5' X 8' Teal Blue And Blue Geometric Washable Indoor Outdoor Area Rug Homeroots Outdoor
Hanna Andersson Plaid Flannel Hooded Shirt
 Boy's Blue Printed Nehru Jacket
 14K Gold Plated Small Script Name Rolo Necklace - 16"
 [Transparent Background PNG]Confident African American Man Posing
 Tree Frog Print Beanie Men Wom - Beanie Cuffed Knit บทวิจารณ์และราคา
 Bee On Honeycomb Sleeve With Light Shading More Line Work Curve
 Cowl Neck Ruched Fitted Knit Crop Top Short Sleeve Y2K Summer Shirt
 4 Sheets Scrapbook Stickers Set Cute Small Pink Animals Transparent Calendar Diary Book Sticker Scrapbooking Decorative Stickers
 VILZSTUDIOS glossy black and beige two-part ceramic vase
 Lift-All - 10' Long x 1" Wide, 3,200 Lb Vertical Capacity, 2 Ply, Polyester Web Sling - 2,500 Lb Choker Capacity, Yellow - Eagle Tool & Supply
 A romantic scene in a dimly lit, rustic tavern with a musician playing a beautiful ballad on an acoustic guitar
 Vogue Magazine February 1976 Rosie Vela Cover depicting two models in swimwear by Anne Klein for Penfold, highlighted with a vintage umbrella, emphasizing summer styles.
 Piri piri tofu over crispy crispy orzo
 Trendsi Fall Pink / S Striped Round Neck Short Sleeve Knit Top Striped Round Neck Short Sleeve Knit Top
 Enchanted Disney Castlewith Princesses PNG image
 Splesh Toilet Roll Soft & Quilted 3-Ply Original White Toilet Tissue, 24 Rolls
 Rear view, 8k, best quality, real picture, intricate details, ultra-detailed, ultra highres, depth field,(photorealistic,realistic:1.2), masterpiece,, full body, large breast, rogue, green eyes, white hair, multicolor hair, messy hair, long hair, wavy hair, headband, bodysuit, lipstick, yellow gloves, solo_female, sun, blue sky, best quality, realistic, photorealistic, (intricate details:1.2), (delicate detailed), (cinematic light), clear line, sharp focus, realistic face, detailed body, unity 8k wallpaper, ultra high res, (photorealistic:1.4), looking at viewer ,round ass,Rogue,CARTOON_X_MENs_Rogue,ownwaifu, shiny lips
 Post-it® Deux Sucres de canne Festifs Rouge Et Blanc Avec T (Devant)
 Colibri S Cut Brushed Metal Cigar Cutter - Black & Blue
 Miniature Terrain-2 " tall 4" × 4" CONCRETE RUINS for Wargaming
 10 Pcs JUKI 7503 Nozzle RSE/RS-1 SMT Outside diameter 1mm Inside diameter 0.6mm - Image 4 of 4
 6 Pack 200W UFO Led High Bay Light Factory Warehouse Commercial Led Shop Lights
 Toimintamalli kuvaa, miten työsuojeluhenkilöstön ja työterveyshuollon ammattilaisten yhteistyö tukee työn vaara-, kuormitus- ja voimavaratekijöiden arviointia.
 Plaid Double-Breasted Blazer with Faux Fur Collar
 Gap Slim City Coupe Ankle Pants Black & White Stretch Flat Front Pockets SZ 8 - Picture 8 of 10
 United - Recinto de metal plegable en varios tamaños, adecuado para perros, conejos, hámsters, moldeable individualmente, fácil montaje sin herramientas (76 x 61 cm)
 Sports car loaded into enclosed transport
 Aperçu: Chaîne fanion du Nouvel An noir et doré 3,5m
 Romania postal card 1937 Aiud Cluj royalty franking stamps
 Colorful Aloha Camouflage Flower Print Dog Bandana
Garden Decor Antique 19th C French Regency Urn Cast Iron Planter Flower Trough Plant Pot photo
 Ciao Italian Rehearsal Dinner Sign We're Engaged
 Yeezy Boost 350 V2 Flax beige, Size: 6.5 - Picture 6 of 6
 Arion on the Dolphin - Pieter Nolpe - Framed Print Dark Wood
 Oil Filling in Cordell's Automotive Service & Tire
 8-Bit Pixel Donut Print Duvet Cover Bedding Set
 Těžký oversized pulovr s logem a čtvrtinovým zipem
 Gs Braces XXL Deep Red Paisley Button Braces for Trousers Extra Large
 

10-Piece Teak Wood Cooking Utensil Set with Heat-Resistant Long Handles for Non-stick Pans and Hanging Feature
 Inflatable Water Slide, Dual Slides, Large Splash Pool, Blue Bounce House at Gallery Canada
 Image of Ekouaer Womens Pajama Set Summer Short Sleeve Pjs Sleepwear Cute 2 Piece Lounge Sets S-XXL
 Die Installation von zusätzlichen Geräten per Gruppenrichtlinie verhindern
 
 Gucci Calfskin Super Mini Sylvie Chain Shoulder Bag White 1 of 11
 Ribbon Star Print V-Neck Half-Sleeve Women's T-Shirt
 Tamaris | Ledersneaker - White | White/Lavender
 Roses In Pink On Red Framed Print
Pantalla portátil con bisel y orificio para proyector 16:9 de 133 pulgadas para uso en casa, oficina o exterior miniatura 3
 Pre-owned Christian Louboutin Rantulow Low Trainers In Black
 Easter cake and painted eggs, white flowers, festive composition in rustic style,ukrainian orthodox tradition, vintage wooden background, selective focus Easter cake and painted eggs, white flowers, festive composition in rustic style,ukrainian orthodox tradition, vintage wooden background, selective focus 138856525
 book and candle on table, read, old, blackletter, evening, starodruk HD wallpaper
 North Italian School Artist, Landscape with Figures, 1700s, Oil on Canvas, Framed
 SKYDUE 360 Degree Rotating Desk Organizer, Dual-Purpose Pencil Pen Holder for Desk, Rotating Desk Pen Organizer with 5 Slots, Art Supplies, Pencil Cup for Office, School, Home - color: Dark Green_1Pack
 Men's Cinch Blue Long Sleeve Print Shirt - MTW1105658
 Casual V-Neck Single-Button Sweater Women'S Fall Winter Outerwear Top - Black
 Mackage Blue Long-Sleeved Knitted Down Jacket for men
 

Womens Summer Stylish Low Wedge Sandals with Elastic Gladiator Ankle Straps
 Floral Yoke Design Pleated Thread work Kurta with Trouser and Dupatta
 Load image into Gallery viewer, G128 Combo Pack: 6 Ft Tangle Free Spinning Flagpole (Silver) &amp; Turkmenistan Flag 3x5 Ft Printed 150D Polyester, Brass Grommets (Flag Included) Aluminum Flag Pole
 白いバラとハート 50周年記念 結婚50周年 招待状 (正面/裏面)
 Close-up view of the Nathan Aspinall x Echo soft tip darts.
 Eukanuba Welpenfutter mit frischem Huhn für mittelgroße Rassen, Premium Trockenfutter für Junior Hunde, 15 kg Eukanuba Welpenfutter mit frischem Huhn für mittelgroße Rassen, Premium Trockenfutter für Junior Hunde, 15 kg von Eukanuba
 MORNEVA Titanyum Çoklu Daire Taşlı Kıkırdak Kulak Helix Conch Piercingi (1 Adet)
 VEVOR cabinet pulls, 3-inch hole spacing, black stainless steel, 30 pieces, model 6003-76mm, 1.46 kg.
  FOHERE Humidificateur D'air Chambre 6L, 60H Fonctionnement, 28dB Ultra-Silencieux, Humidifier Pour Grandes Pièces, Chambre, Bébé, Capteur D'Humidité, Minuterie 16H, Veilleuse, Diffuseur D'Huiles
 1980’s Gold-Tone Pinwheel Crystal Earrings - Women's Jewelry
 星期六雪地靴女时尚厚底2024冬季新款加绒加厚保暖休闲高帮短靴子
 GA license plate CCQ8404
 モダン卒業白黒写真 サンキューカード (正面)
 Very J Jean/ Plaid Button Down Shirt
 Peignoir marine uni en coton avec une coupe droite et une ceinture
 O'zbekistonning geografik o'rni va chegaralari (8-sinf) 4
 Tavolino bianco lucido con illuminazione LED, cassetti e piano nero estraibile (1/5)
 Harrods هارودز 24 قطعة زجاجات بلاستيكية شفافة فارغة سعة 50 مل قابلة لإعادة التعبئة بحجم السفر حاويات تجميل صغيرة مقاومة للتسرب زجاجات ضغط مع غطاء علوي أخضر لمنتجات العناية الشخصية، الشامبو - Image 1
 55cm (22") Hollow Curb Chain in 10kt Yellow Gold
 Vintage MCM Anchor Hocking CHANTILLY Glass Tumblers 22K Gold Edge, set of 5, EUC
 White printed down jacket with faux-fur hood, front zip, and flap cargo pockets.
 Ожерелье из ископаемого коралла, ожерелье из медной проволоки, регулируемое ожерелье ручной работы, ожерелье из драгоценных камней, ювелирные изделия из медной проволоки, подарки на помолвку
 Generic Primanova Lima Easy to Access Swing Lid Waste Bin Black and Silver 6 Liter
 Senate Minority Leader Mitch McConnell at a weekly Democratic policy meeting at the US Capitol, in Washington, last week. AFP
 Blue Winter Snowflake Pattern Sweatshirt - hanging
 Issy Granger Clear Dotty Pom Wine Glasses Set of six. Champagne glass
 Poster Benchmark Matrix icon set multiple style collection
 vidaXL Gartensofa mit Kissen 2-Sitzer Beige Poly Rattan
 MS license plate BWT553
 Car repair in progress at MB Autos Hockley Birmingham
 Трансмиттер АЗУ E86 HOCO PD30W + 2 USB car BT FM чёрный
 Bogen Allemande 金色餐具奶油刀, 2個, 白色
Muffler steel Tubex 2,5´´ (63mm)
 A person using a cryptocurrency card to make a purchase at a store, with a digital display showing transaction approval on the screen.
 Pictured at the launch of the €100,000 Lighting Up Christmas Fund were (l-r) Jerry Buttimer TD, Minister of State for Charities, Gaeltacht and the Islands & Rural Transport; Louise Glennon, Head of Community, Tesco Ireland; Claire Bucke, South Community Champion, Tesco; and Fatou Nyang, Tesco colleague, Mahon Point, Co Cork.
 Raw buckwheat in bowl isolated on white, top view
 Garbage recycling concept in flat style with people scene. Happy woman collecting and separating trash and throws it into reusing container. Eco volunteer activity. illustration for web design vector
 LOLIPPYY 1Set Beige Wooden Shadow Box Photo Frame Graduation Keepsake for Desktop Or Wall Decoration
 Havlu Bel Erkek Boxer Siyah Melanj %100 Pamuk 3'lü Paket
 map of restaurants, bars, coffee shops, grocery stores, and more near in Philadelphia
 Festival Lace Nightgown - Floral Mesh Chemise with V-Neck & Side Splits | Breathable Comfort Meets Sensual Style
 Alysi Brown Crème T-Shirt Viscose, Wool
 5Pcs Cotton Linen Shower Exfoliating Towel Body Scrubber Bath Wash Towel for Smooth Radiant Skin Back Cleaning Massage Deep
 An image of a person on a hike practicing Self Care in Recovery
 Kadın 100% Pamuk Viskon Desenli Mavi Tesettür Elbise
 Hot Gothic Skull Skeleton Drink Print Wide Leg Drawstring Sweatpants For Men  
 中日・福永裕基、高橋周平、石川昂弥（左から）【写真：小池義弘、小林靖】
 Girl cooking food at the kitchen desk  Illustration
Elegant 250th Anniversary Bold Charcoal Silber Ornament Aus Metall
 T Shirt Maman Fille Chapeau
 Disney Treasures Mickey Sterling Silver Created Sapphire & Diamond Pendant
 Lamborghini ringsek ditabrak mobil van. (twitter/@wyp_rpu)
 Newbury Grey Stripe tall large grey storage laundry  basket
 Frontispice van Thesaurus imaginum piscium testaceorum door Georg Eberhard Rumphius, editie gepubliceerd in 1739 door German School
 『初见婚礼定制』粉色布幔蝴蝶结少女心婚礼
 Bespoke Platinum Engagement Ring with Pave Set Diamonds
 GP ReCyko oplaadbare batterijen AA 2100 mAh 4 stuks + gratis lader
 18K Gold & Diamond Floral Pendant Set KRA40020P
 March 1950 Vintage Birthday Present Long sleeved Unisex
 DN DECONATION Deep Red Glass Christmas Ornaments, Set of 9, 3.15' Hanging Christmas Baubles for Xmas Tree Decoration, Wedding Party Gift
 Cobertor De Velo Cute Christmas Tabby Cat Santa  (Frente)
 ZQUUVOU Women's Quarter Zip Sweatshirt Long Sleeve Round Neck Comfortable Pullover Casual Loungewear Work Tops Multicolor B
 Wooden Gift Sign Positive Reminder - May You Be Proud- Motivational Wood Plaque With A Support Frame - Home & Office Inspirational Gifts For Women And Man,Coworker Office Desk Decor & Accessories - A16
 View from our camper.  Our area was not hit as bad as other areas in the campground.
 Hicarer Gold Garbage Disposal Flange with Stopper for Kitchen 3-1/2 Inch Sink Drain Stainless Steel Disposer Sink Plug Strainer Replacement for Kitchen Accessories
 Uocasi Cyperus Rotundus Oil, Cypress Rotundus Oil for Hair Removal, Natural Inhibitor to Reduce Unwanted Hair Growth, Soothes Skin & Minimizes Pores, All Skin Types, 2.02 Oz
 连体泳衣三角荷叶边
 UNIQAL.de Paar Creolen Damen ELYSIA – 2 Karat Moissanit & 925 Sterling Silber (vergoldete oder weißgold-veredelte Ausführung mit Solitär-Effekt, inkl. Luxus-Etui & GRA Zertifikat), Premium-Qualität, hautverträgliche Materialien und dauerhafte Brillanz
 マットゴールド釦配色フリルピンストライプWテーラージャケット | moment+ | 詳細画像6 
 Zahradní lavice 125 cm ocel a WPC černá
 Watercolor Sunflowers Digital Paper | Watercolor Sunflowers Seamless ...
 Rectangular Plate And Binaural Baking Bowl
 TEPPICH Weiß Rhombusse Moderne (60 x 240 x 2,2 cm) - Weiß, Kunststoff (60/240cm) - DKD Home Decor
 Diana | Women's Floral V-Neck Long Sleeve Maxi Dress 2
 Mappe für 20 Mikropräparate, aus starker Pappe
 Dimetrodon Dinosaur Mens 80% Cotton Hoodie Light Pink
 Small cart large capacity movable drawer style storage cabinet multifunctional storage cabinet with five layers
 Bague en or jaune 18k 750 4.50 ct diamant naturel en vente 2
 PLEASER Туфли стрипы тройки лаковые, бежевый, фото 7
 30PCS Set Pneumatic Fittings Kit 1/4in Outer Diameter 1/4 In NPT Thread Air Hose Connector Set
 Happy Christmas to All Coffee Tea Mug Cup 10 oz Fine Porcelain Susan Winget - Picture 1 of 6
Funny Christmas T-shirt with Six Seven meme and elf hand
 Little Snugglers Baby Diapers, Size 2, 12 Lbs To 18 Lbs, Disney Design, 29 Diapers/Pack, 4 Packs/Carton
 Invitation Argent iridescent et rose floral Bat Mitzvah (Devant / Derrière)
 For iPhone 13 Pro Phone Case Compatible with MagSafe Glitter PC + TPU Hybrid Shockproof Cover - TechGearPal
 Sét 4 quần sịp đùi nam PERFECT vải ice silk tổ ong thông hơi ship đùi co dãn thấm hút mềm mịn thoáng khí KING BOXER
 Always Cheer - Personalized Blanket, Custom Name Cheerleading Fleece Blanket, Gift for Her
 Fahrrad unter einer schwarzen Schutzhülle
__________________________________________________
[Activity] For this task, write out exactly the lines of the entries above, starting at the line with "MORNEVA Titanyum Çoklu" and ending at the line with "O'zbekistonning geografik o'rni", both included, and no others.

[Output of the exercise]
 MORNEVA Titanyum Çoklu Daire Taşlı Kıkırdak Kulak Helix Conch Piercingi (1 Adet)
 VEVOR cabinet pulls, 3-inch hole spacing, black stainless steel, 30 pieces, model 6003-76mm, 1.46 kg.
  FOHERE Humidificateur D'air Chambre 6L, 60H Fonctionnement, 28dB Ultra-Silencieux, Humidifier Pour Grandes Pièces, Chambre, Bébé, Capteur D'Humidité, Minuterie 16H, Veilleuse, Diffuseur D'Huiles
 1980’s Gold-Tone Pinwheel Crystal Earrings - Women's Jewelry
 星期六雪地靴女时尚厚底2024冬季新款加绒加厚保暖休闲高帮短靴子
 GA license plate CCQ8404
 モダン卒業白黒写真 サンキューカード (正面)
 Very J Jean/ Plaid Button Down Shirt
 Peignoir marine uni en coton avec une coupe droite et une ceinture
 O'zbekistonning geografik o'rni va chegaralari (8-sinf) 4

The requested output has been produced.